汴京城这几日正逢着倒春寒,冷风夹着雪粒子四处乱撞。
为了别冻着小皇孙,福宁殿内特意多生了几个瑞炭铜盆。
足足八个铜盆将大殿烘的暖意融融,明黄色的炭火在盆里烧着,偶尔迸出几粒红彤彤的火星。
赵匡胤端坐在御案后,手里拿着那本淡青色封皮,署着开封府三个馆阁体大字的奏札。
他没有立刻翻开,手指在纸张边缘来回摩挲,炭火的光影在他棱角分明的侧脸上投下明暗的纹路。
赵惟吉趴在矮榻上,将那块画着大鱼吃小鱼的锦缎揉成一团,小胖手撑着下巴,乌黑的眼珠在赵匡胤和那本奏札之间打量。
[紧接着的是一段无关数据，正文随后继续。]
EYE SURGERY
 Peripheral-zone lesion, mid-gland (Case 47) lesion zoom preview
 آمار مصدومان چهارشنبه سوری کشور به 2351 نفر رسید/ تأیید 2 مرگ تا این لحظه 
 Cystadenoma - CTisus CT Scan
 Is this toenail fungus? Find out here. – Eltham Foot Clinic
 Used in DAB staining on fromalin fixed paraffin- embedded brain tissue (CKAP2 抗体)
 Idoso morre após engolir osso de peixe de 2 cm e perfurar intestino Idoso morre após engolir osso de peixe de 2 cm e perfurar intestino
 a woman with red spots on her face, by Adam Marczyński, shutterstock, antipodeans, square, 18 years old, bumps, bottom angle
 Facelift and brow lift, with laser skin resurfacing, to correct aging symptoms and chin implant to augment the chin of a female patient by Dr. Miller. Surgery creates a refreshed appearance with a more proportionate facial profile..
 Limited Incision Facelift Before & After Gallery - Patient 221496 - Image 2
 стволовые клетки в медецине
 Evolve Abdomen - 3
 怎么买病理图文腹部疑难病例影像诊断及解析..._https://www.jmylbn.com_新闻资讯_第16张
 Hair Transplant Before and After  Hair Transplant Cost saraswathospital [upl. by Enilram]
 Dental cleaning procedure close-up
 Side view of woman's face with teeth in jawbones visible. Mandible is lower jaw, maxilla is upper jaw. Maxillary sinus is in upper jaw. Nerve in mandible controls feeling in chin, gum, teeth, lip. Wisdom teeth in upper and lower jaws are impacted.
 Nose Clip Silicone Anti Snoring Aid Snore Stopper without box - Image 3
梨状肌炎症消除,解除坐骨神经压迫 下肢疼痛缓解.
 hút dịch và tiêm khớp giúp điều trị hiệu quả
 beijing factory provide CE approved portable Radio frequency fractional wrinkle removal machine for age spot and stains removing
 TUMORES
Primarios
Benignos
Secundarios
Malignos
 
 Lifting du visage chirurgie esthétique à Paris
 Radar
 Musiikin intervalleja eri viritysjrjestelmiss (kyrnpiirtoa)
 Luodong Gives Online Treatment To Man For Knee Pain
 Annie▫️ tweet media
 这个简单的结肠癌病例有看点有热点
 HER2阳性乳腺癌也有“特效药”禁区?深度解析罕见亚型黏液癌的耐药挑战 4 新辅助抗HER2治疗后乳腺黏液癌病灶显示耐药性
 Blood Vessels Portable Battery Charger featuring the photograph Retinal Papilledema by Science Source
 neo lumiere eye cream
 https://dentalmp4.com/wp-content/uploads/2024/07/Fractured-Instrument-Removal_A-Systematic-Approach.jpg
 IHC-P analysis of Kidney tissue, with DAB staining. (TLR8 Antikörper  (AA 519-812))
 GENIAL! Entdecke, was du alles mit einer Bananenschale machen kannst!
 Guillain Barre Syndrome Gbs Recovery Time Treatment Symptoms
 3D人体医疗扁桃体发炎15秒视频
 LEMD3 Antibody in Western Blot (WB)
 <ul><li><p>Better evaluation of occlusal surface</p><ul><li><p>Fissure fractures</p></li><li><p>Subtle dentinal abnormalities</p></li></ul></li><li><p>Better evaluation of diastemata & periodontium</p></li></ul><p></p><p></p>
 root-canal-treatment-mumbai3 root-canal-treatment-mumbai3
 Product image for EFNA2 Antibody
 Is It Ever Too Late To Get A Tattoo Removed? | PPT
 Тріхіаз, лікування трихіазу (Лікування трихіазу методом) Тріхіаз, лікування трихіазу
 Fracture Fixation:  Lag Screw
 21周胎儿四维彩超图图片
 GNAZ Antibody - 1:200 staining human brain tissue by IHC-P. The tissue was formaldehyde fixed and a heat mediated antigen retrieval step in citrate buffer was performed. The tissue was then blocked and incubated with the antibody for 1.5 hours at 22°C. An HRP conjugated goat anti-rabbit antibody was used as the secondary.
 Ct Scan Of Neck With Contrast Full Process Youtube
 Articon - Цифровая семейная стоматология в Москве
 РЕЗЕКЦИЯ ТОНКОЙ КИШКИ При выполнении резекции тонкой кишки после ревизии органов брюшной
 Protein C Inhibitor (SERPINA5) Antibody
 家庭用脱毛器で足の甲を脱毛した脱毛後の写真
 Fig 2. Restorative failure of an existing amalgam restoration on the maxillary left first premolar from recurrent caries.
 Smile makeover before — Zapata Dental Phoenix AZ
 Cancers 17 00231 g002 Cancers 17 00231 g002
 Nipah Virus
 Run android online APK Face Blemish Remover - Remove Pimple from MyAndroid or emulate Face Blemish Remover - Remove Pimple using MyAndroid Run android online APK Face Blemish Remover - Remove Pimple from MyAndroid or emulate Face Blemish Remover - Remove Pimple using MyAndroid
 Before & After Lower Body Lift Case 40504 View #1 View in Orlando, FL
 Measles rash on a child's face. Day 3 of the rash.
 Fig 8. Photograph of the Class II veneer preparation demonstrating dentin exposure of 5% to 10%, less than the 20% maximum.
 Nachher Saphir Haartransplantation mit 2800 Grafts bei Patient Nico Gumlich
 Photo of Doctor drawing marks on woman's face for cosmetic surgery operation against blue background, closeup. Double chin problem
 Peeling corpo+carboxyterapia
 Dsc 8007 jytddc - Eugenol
他打了个哈欠翻了个身,佯装困倦的闭上眼睛,耳朵却高高竖起。
偏殿的雕花木门被推开一条缝,冷风卷着雪粒子灌了进来。
王继恩躬着身子退到一侧,武德司左班指挥使张璨迈着很轻的步子入内。
张璨在御案前十步外单膝跪下,头压的很低,脊背也紧紧的弓着。
“禀官家,徐铉那条线,摸到底了。”
张璨的嗓音压在喉咙里,吐字却很清晰。
赵匡胤将札子丢在御案上,他端起旁边的茶盏,用碗盖撇开浮沫呷了一口热茶,才不紧不慢的开口:“那间茶铺,摸到了什么鱼?”
“回官家。”
张璨抬起头,视线平视着金砖地面。
“暗桩盯着茶铺掌柜孙某,此人昨日入夜后在宣德门外的小酒肆要了雅阁,会了三个人。”
“武德司的人伪装成跑堂伙计,贴在板壁上听了半个时辰。”
赵匡胤握着茶盏的手稳稳当当,水面都没有一丝波纹:“哪个衙门的人?”
“开封府。”
张璨咽了一口唾沫,声音压的更低。
“是开封府录事参军麾下的三名书办,这三人常年经手江南商贾在京城的通关文牒,路引验传。”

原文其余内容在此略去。